For this reason, the Union of Arab Banks (UAB), in cooperation with Banque du Liban, the Lebanese Ministry of Economy and Commerce and the Investment Development Authority of Lebanon (IDAL), held the Lebanese Banking Economic Forum: Strategic Orientation for Economic and Social Development. The speeches delivered during this forum stressed on the importance of cooperation between the private and public sector, as well as political stability.

In this context, Wissam Fattouh, the Union of Arab Banks' secretary-general, spoke to As-Safir about the "importance of providing security stability in Arab countries, and Lebanon in particular, as a stepping-stone for real development." Fattouh noted that security constituted the main factor for any economic or financial activity: Every investor has to be reassured about the security situation before investing money and energy in projects. He added, "Lebanon is capable of attracting investments and the banking sector is capable of funding projects. However, the funding cannot take place within a risky investment environment."

Fattouh called on [leaders to] work toward achieving security and political stability to achieve economic, financial and political reform, hoping that the development experience of the UAE, Egypt and other countries be transmitted to Lebanon. Fattouh highlighted the role of Arab banks, saying that Gulf deposits in Lebanese banks were a stark indication of the Arab interest in investing in Lebanon and supporting the economy. "Lebanon is a country that attracts investments. Therefore, the problem does not lie in investment itself but rather in the required security stability," Fattouh added.

The forum was sponsored by Minister of Economy and Commerce Alain Hakim. At the inauguration, Riad Salameh, Lebanon's Central Bank governor, explained that at the beginning of the year the Central Bank decreased interest rates and planned to keep them at this level throughout 2015. Despite this decrease, the Lebanese pound exchange rate remained stable, and the demand for the financial instruments issued by the government and the Central Bank remained high.
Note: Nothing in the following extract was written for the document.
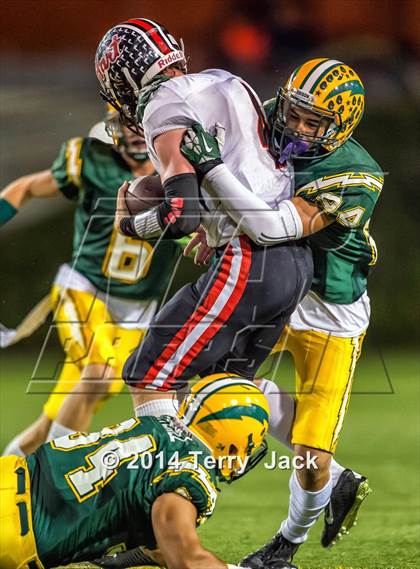 Thumbnail 3 in Edison vs. Hart photogallery.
Salameh tackled the issue of the price decrease of oil and goods: "It encourages us to preserve liquidity at high levels in the markets, without this threatening the stability of the prices. The aim is to catalyze internal demand at a time where, similar to the other countries of the region, we are faced with a setback in external demand and in Arab intra trade, due to political and security hardships."

Salameh believed that "developing the payments system among Arab countries to become an effective and transparent system will encourage trade among these countries, which are currently in need of such a system. We contribute to setting up this system through joining efforts with the Arab Monetary Fund that is working on achieving this aim."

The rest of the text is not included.